Contesting the Colonial Dichotomy of Centricity and Margins and the Hegemony of Authorial Discourse: Postcolonial and Postmodern Concerns in Peter Carey’s Jack Maggs
DOI:
https://doi.org/10.64846/d3ebfe39Keywords:
Postcolonialism, Writing Back, Counter-Discourse, Neo-Victorian Fiction, Postmodernism, Authorial AuthorityAbstract
Aim: This paper examines Peter Carey’s Jack Maggs as a postcolonial and postmodern rewriting of Charles Dickens’s Great Expectations. It aims to explore how Carey challenges colonial constructions of centre and margin, interrogates the authority of canonical literary discourse, and reclaims marginalised voices through the strategy of writing back to the British literary canon.
Methodology and Approach: The study adopts a qualitative textual and comparative approach grounded in postcolonial and postmodern literary theories. The paper examines the fictional representation of Tobias Oates, Carey’s counterpart to Dickens, to investigate questions of textual ownership, narrative authority, and the politics of literary representation.
Outcome: The analysis reveals that Jack Maggs destabilises colonial binaries of centre and periphery by repositioning the transported convict from the margins to the centre of the narrative. The novel challenges imperial assumptions regarding Australia as a penal colony while simultaneously exposing the mechanisms through which canonical authors appropriate and shape subordinate voices.
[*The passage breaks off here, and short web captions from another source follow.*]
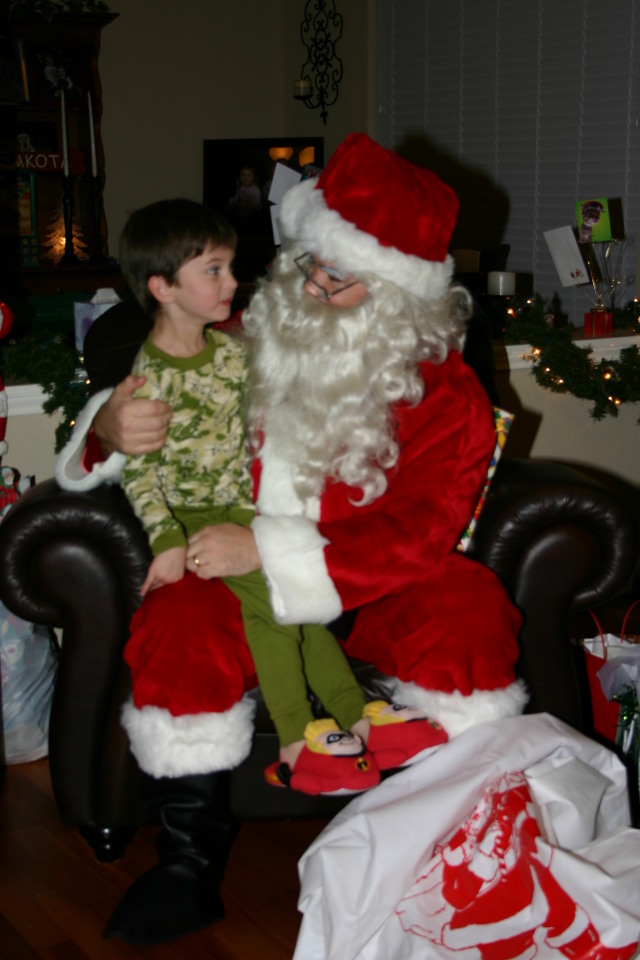2005-12-24-Christmas-Eve-43-Santa-Dax.JPG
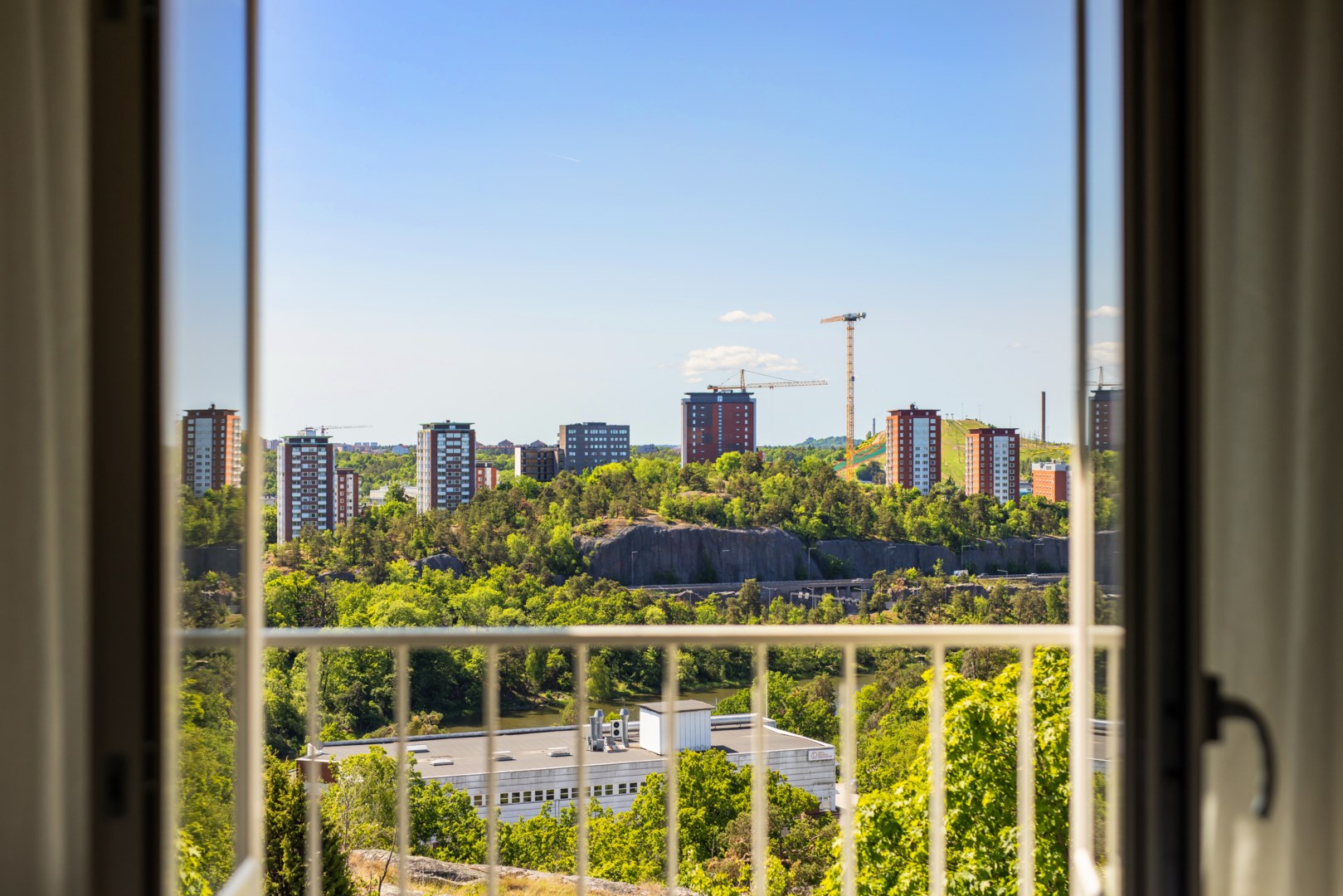 Bostadsbild från Finnbergsvägen 3, Såld i Finnberget, Nacka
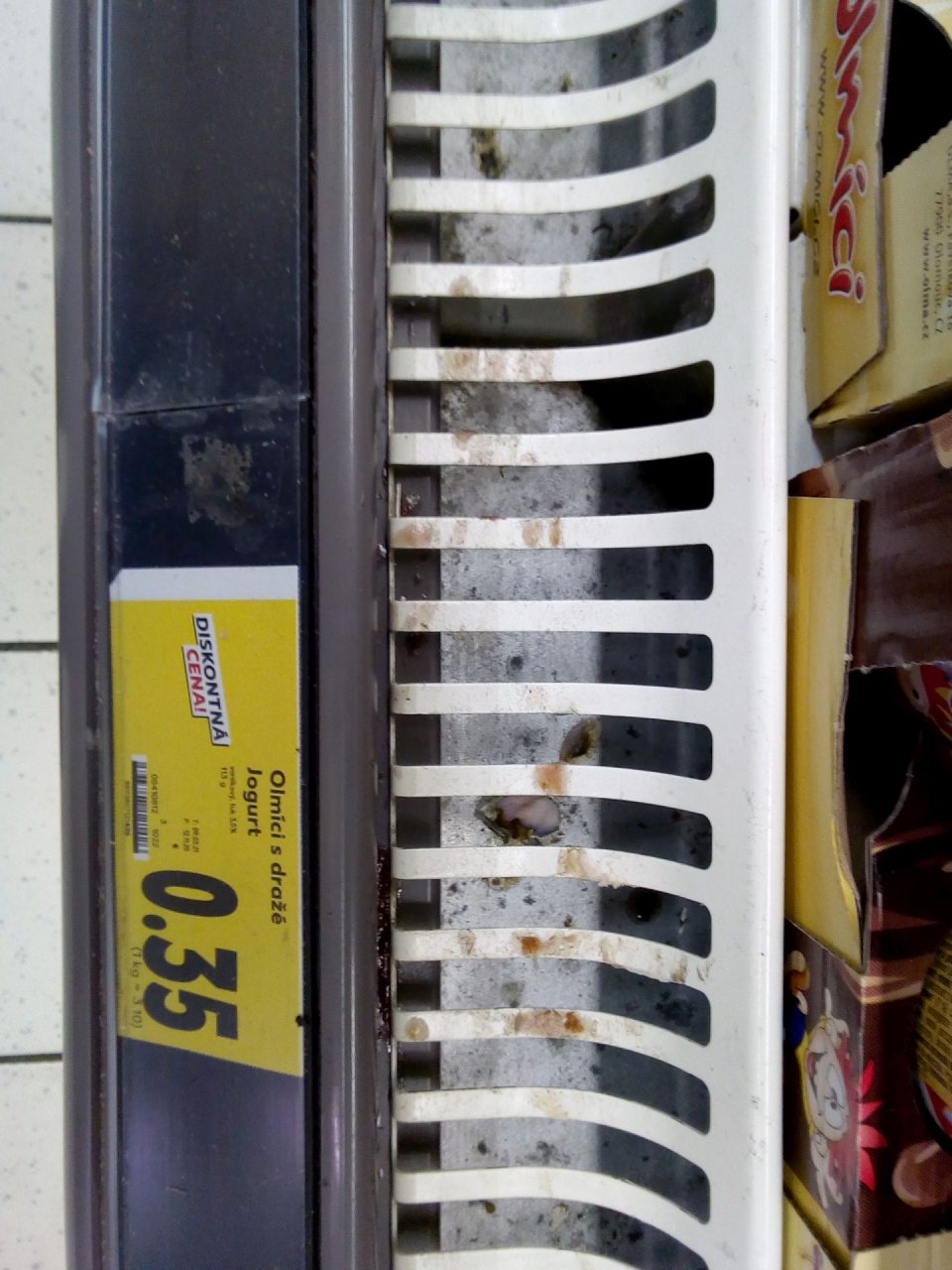 V chladiacich zariadenia v predajni silne znečistený priestor pod mriežkami.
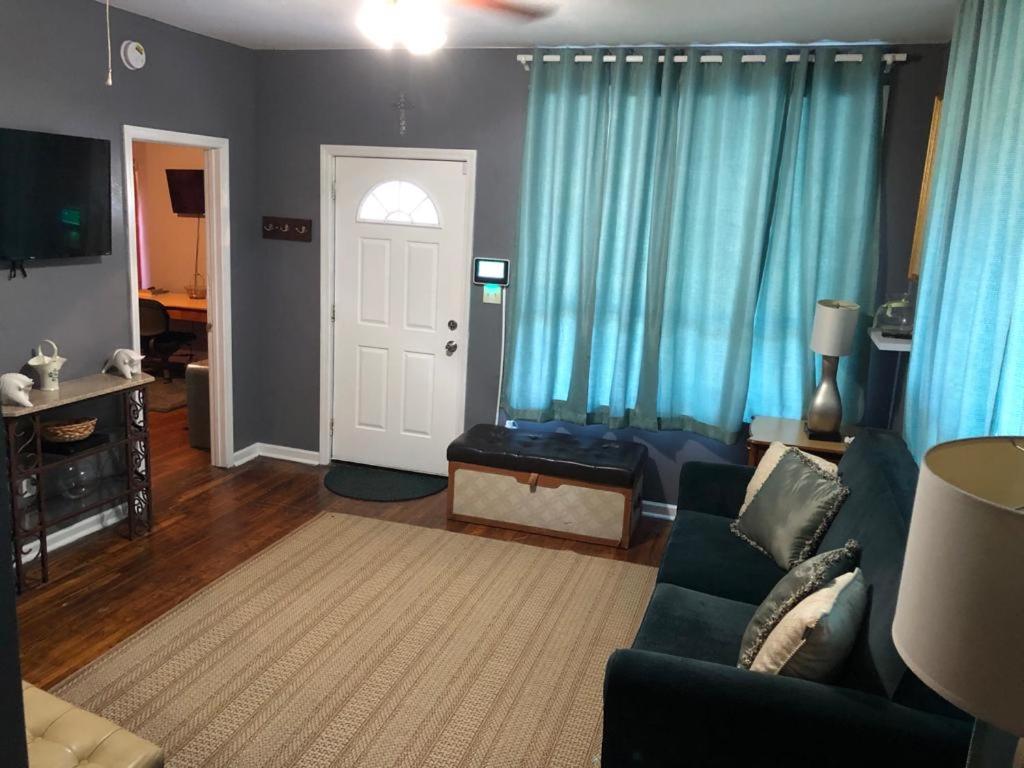 Cabin Like Home on 1.5 Acres , Sleeps Up to 14 - Housity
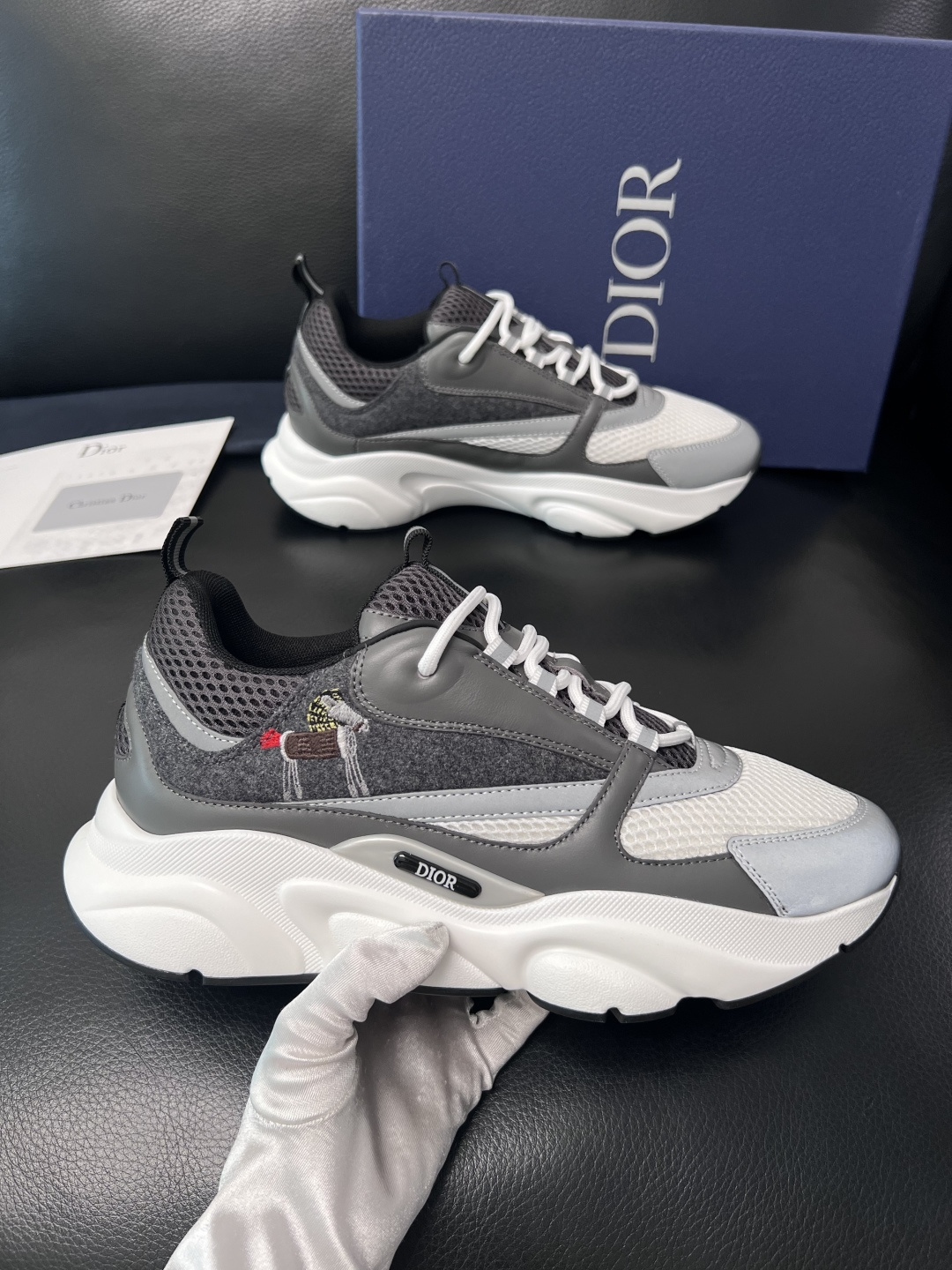 Dior 顶级工艺品 迪奥  专柜同步 原厂配置，意大利进口原版牛皮面料，透气舒适进口水染牛里垫，鞋底：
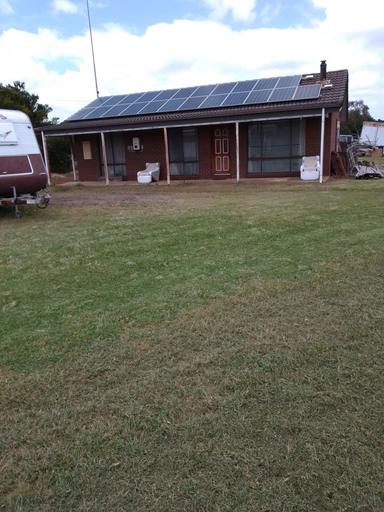 4 Eversley Street, Macarthur VIC 3286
Conclusion and Suggestions: The study concludes that Jack Maggs functions as a powerful postcolonial counter-discourse and a sophisticated postmodern interrogation of authorial authority. Future research may further investigate the intersections of postcolonial rewriting, neo-Victorian fiction, and metafictional strategies in contemporary literature to understand their role in reshaping literary and cultural memory.